# Exercise description
This calls for a verbatim copy of all the data, with no images carried over.

# Data provided
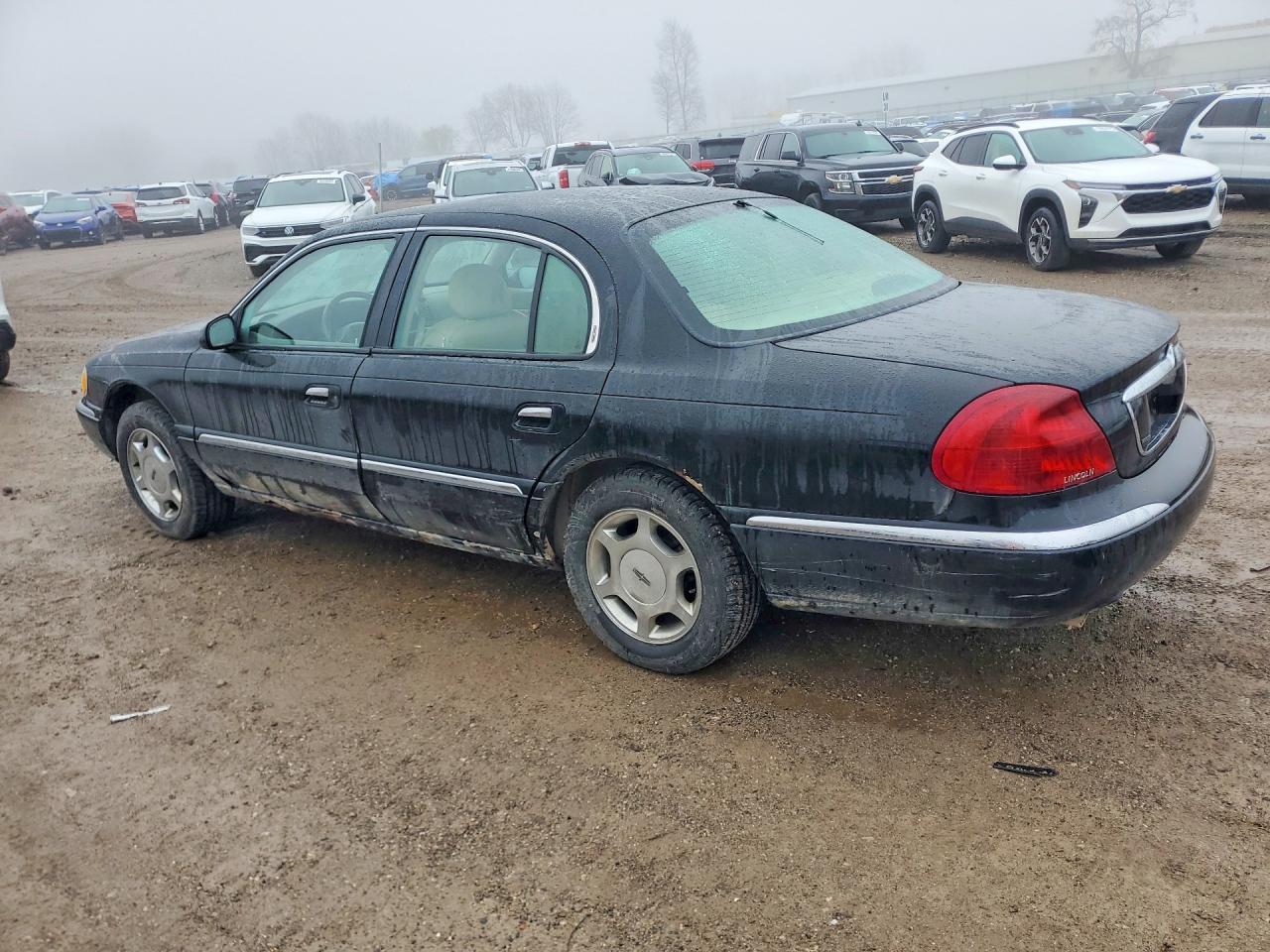 1999 Lincoln Continental Black vin: 1LNHM97V8XY705097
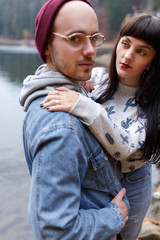 Romantic newlywed couple hugging near blue lake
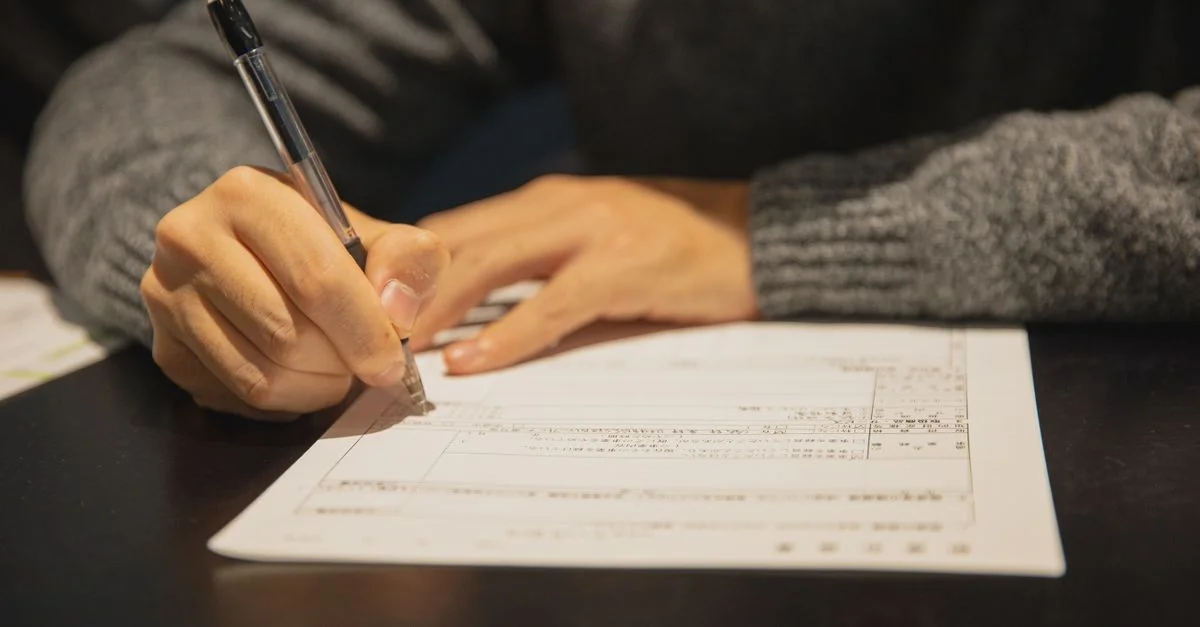 Gros plan d'un homme en pull gris signant un document à un bureau dans un cadre de bureau.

# Result of this exercise
 1999 Lincoln Continental Black vin: 1LNHM97V8XY705097
 Romantic newlywed couple hugging near blue lake
 Gros plan d'un homme en pull gris signant un document à un bureau dans un cadre de bureau.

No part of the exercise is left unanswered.